I am pleased with the Dillon and Eagle range bags I got in a trade with forum member *Old Padawan*. The Eagle bag is the sturdier of the two, but no problems with either in a couple years' use so far.

Prior to that I used the Waller range bag, which is sort of the Cadillac of bags. It's expensive (I scored a deal because I was shooting buddies with the founder of Waller back in New England), but a great design and superior construction. It lasted me about fifteen years before it gave up the ghost, and this was when I competed and loaded it HEAVY!
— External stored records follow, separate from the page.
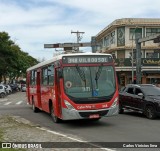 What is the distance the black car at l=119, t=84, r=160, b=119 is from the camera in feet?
56.6

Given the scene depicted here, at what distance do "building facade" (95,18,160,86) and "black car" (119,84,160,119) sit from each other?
3443cm

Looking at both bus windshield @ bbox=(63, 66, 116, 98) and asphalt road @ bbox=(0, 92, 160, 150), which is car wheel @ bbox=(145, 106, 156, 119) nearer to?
asphalt road @ bbox=(0, 92, 160, 150)

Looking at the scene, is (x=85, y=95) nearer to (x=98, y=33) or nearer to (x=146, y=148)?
(x=146, y=148)

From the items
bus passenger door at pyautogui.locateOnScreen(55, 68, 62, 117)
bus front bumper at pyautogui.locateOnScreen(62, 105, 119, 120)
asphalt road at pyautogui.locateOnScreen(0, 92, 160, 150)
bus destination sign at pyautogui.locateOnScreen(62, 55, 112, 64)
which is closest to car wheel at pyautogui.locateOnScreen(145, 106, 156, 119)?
asphalt road at pyautogui.locateOnScreen(0, 92, 160, 150)

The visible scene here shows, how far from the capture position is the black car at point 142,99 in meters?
17.3

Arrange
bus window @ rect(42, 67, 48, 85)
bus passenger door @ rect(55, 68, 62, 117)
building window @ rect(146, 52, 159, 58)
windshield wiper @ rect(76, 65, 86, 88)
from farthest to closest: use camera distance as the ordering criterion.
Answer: building window @ rect(146, 52, 159, 58), bus window @ rect(42, 67, 48, 85), bus passenger door @ rect(55, 68, 62, 117), windshield wiper @ rect(76, 65, 86, 88)

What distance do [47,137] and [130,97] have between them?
8.62m

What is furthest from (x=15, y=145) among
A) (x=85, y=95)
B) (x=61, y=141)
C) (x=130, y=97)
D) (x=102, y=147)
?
(x=130, y=97)

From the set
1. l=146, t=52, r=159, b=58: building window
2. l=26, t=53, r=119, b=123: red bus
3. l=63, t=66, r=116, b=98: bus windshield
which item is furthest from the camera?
l=146, t=52, r=159, b=58: building window

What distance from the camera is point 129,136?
39.3 feet

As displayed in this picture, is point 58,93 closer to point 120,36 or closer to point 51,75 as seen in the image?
point 51,75

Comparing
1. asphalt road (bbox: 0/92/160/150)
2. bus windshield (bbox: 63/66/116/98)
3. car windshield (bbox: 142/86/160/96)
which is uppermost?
bus windshield (bbox: 63/66/116/98)

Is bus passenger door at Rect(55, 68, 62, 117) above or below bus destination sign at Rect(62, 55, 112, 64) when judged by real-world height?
below

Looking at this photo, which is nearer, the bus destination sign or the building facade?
the bus destination sign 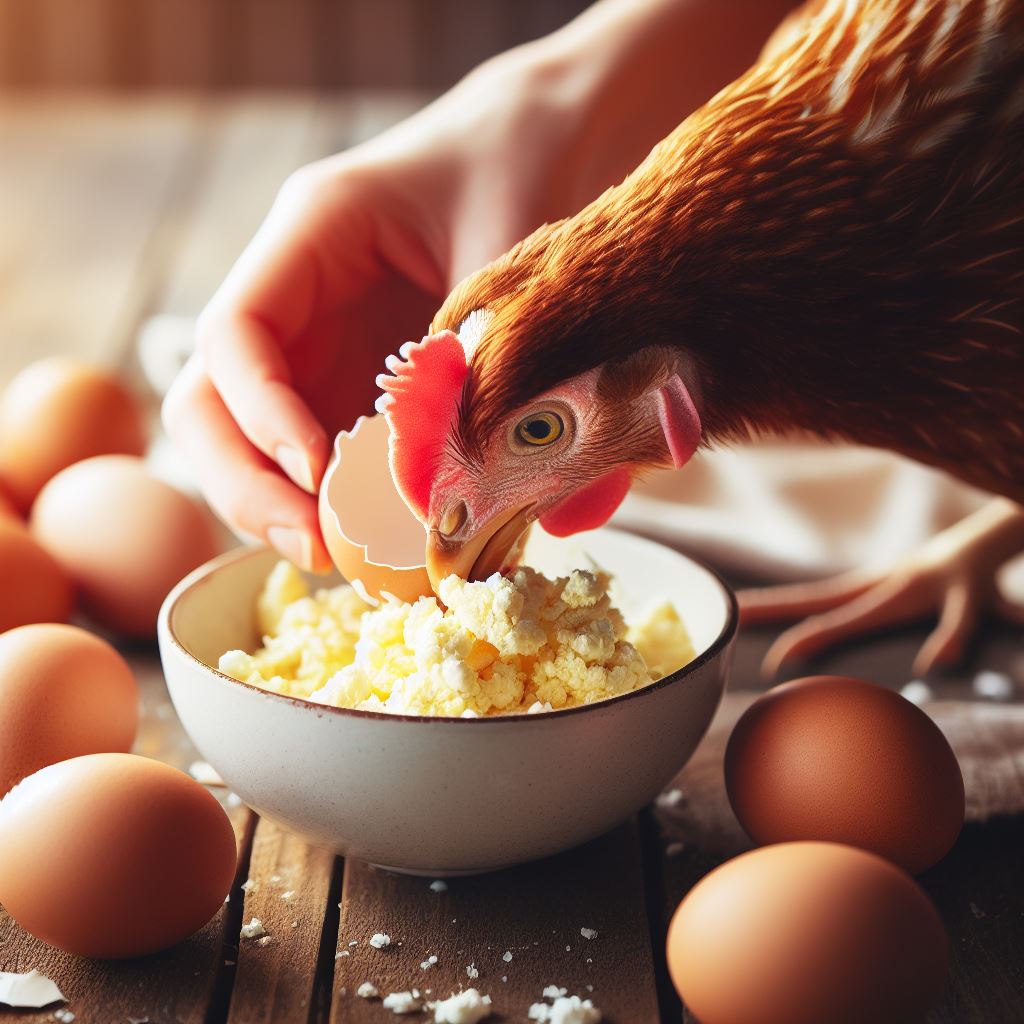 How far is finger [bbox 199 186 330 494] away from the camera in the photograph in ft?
2.66

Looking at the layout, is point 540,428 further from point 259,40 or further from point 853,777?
point 259,40

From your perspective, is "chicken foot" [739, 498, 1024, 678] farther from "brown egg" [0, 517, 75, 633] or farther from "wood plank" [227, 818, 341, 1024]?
"brown egg" [0, 517, 75, 633]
I'm not sure what a Ready Bag might be, but my Dillon and Eagle bags are always ready for a range trip. :mrgreen:


----------



## Rustycompass (Jun 25, 2006)

*Maybe the wrong term ?*



Mike Barham said:


> I'm not sure what a Ready Bag might be. :mrgreen:


 ~ I thought it was a term that seems to be used frequently over on Lightfighter forum. From what I gather a "Ready Bag" is a sack that the Miltary / SWAT types keep all their nessary gear ... stocked with ammo, mags, vests and other assorted gear. For a quicker response time, just grab and go. Although, I would think that most SWAT members have their own agency issued vehicles with their gear in the trunk...
:smt017

Honestly, I just like the looks of that style of bag, they seem to have more pockets & such than your average range bag. I am not a SWAT guy nor will I need to be ready in a moments notice to defend my home against armys of flesh eating zombies.
I just like the heavy duty, small sized, multi~pocketed, duffle type bag, maybe I'm using the wrong term, wouldn't be the 1st time I got my wires crossed ... or the last.
:mrgreen:


----------



## Mike Barham (Mar 30, 2006)

Ah, I hear that called a "Go Bag." Sounds like the same thing. I don't hang out at Lightfighter, so I don't know the cool-guy terminology. ;-)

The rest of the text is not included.